In 1812 the Russian Empire and the Ottoman Empire signed the Treaty of Bucharest, by which Russia annexed the eastern part of the medieval Principality of Moldavia. This territory became known as Bessarabia. Between 1859 and 1866, Principality of Moldavia and the neighbouring Principality of Wallachia united into a single country called Romania.[2] In 1917, when the Russian Empire was disintegrating, a Moldavian Democratic Republic was formed in Bessarabia. In 1918, after the Romanian army gained control of the region, Sfatul Țării proclaimed the independence of the Moldavian Republic and, later, voted for the union with Romania. The Soviet Russia contested the outcome of these events and, in May 1919, proclaimed the Bessarabian Soviet Socialist Republic as a government in exile. After the Soviet-organized Tatarbunary Uprising failed, in 1924 a Moldavian ASSR (MASSR) was created within the Ukrainian SSR, just east of the river Dniester that then marked the boundary between Romania and the Soviet Union.

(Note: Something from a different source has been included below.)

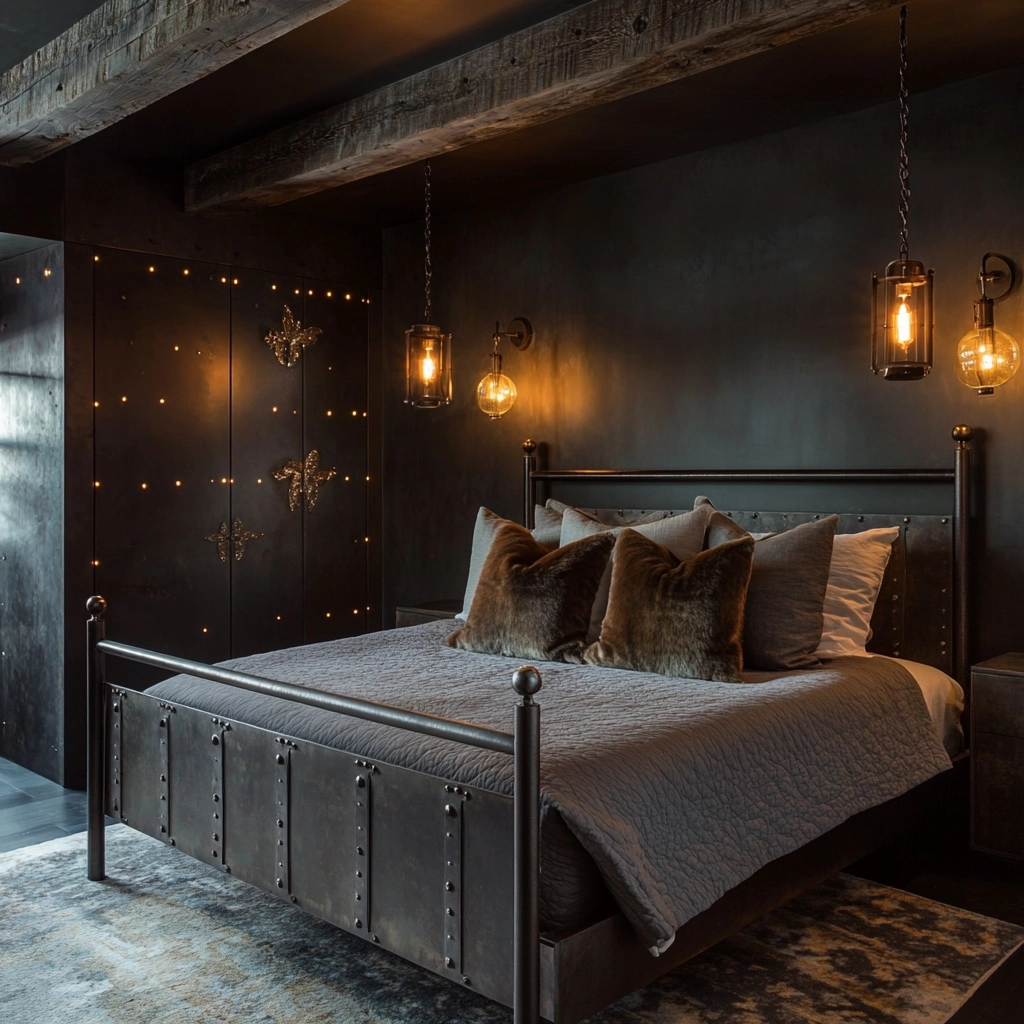 modern farmhouse bedroom master suite vaulted ceilings 20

For the purpose of giving MASSR its own identity separate from Romania, Soviet authorities declared the variety spoken by the majority of Moldavians to be "Moldavian language".[3][4][5][6] The intellectual elites of the MASSR were asked to standardise a Moldovan literary language based on the local dialects of MASSR, which are similar to Romanian.

Until the 1920s the Russians did not argue that Moldovans and their neighbors in the Romanian Principalities somehow formed nations.[7] One observer wrote in 1846 in the journal of the Russian foreign ministry that “the inhabitants of upper Bessarabia are essentially Romanians, that is, a mixture of Slavs and Romans, and sons of the Greek Orthodox Church".[7] In May 1917, at a congress of Bessarabian teachers, a group protested against being called "Romanians", affirming they were "Moldovans".[8]

Representatives of the Romanian-speaking population living in Podolia, and Kherson participated in the Bessarabian national movement in 1917 and early 1918, agitating for incorporation of the territory across Dniester into the Greater Romanian Kingdom. The Romanian government never took significant interest in these demands, which would have implied large-scale military operations, and settled in the end to leave behind those areas, which became part of Soviet Ukraine after the Russian Civil War.[9] The calls from Transnistrian emigres continued into the 1920s asking for Romania to fund schools in the region as there were schools and cultural organizations in regions inhabited by speakers of cognate Latin languages in the Balkans. Refugees flooded across the Dniester and special funds were put aside for housing and education.[9]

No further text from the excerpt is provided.